I'd like the records transcribed exactly, leaving the images out.

----

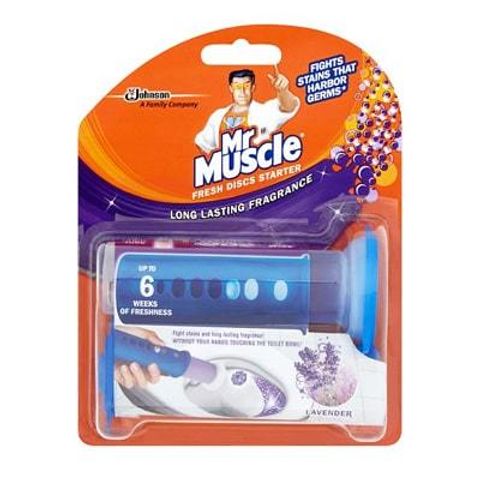 Mr-Muscle-Fresh-Discs-Starter-Pack-Lavender.jpg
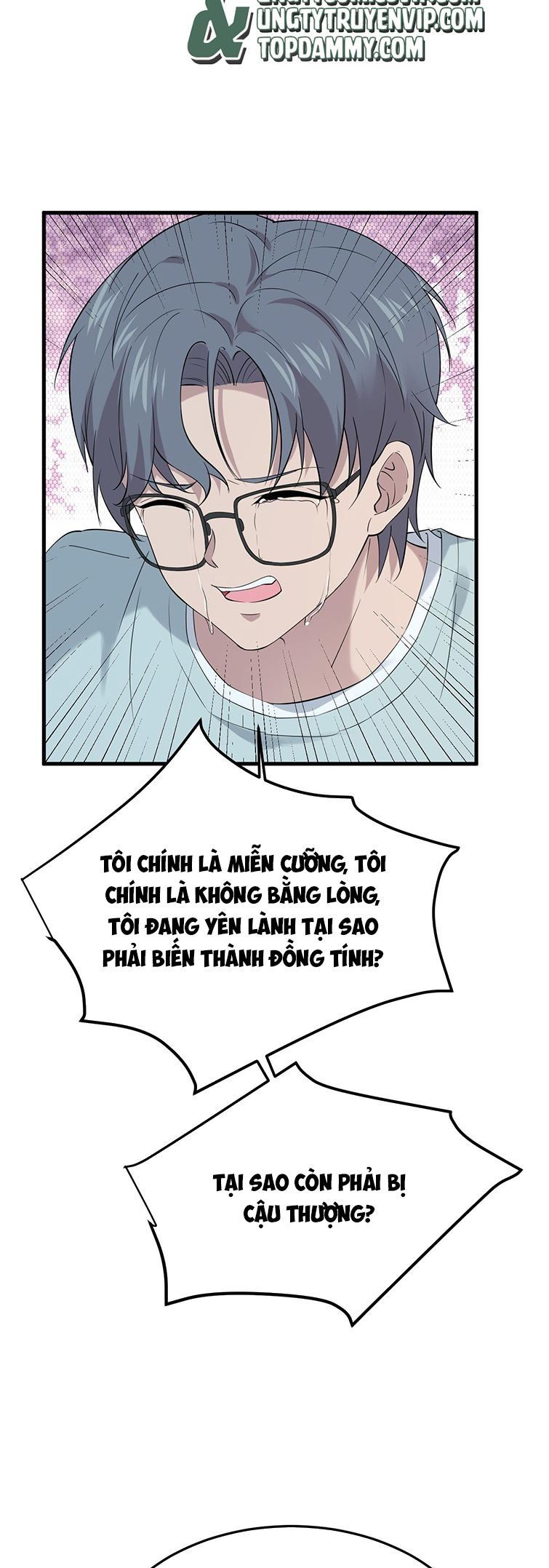 Song Trình Chapter 13 - Trang 2
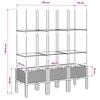 Product Thumbnail Image 7 of 7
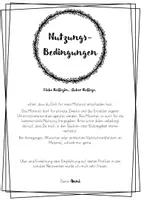 Vorschau - Präsentationen/Tafelbilder - Adjektive Steigern - Seite 1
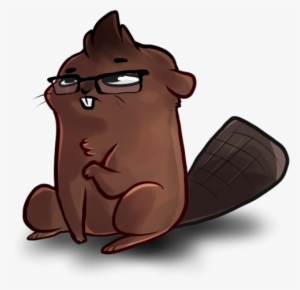 Markiplier On Twitter - Cartoon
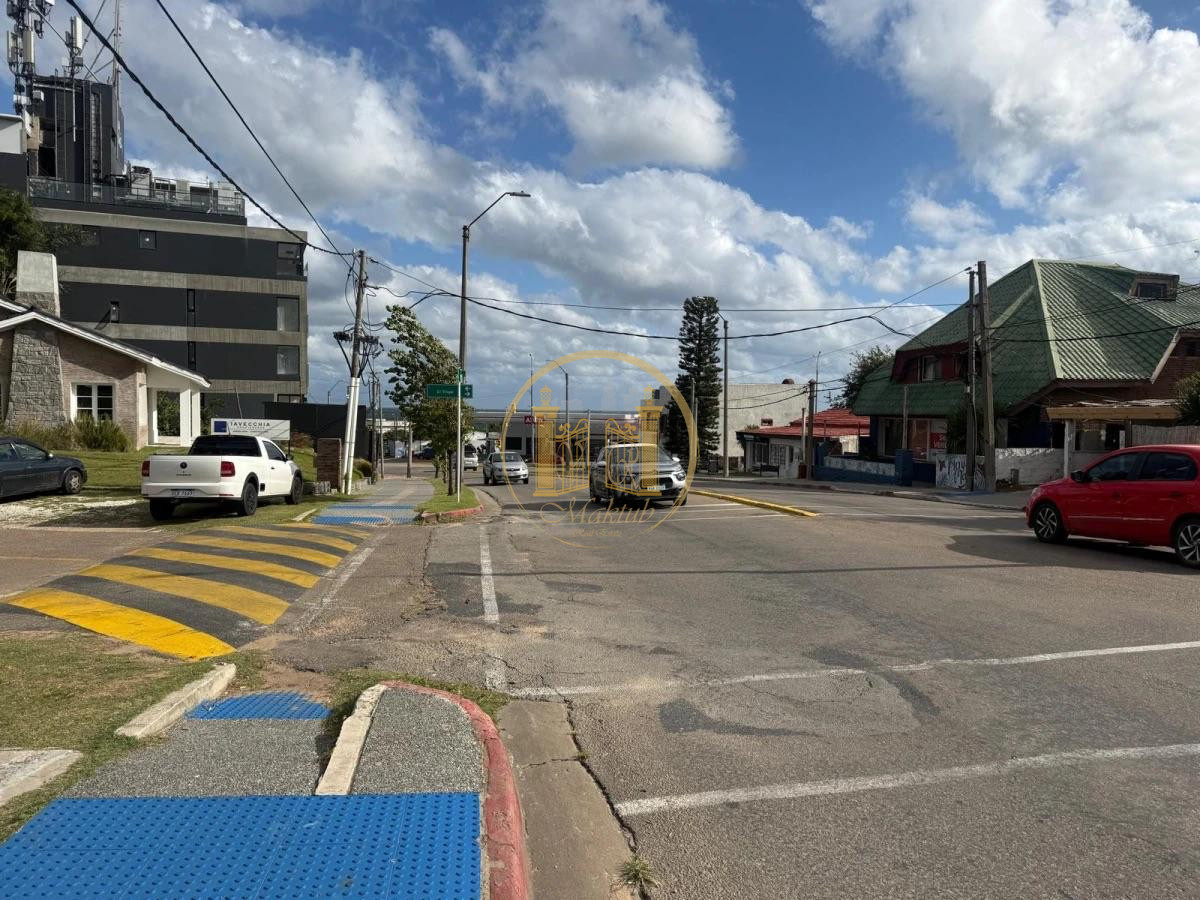 Casa ID.1139 - Casa en Maldonado, Las Delicias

----

▶ _RESULT FOR THIS TASK_:
 Mr-Muscle-Fresh-Discs-Starter-Pack-Lavender.jpg
 Song Trình Chapter 13 - Trang 2
 Product Thumbnail Image 7 of 7
 Vorschau - Präsentationen/Tafelbilder - Adjektive Steigern - Seite 1
 Markiplier On Twitter - Cartoon
 Casa ID.1139 - Casa en Maldonado, Las Delicias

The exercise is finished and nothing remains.